Basé sur la triangulation (il faut croiser les données de 3 satellites pour obtenir le positionnement), il nécessite pas moins de 24 satellites. Situés à 20.184 km d’altitude et faisant le tour de la terre en 12h, ils sont par ailleurs munis d’une horloge atomique d’une redoutable précision. Cette horloge permet de calculer la vitesse de transmission de l’information et affiner l’exactitude du positionnement. 5 stations au sol se chargent de gérer l’alignement parfait des satellites sur leur trajectoire et de définir les erreurs possibles.

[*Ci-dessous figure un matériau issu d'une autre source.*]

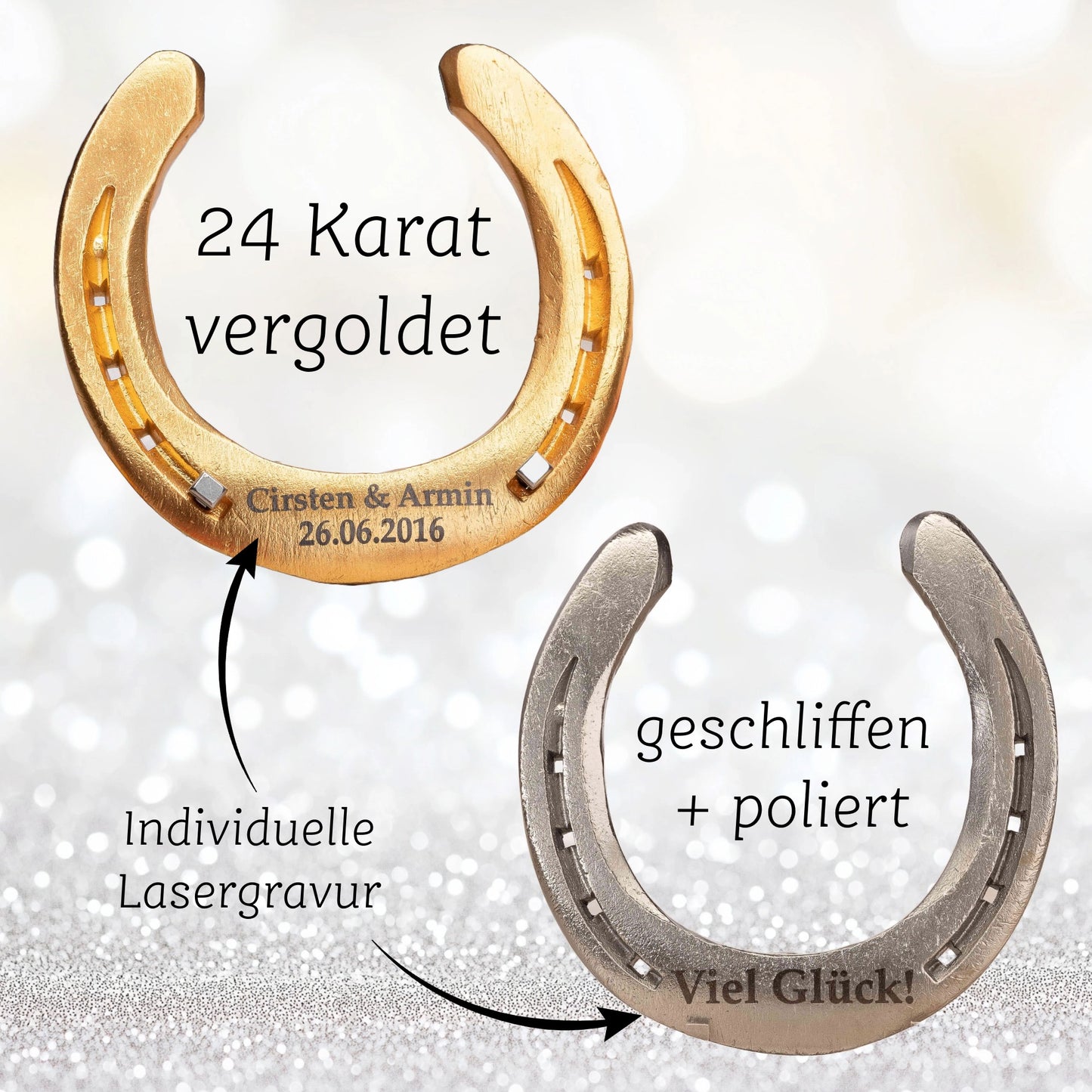 Glückshufeisen mit Geschenkbox "Silberhochzeit - 25 Jahre"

La précision du système GPS est de 10 à 30 mètres.

Utilisations du GPS

S’il nous guide lors de nos trajets, il étalonne également toutes les horloges du monde entier. Imaginez le séisme si les Américains décidaient de dérégler d’un pouillème de seconde les horloges réglant les transactions boursières…

Mais il permet aussi aux agriculteurs d’optimiser l’utilisation de produits, engrais comme pesticides, dans leurs champs.

Au vu de l’affaire Stena Impero et des interrogations du MI6, nous ne pouvons qu’espérer que les pays s’interrogent sur la pertinence de se fier uniquement au système GPS. Que ce soit pour leurs opérations militaires comme pour les utilisations civiles.

Au moment des élections européennes et après la démonstration technologique de nos armées lors du défilé du 14 juillet dernier (cf vidéo ci-dessous), le Président Emmanuel Macron s’est engagé pour la formation d’un corps d’armée européen. Il pourrait être pertinent de renforcer, faire connaître et élargir l’utilisation du système Galileo. Imaginé pour faire pendant au système russe Glonass et chinois Beidou en plus du système américain GPS, ce procédé de positionnement par satellite est encore méconnu du grand public.

Galileo, un système européen performant

Débuté en 1999, lancé en 2003 et dont le déploiement devrait être achevé en 2020, Galileo devrait assurer à l’Europe son autonomie en matière de système de positionnement. Celui-ci sera doté, à terme, de 30 satellites -contre 24 pour le GPS. Si le système GPS permet de dire dans quelle rue vous vous trouvez, Galileo indiquera sur quel trottoir vous vous situez. 

Bien qu’on en parle peu, il est pourtant déjà actif.  Selon Jean-Yves Le Gall, Président du Centre national d’études spatiales et du Conseil de l’Agence spatiale européenne, il compterait plus de 500 millions d’utilisateurs de par le monde depuis septembre 2018. 50 millions de puces sont produites chaque mois pour équiper plus de 120 modèles de téléphone. Pour connaître la liste des terminaux compatibles, il suffit de consulter le site de la GSA* que vous trouverez ici.

Les derniers développements de l’affaire du Steno Impero relancent de façon impérieuse la nécessité pour l’Europe en général et notre pays en particulier de s’assurer une indépendance technologique afin de mieux assurer nos intérêts… et notre liberté.

En attendant, nous ne manquerons pas de conseiller aux navigateurs de se remettre à l’étude du sextant et de la boussole.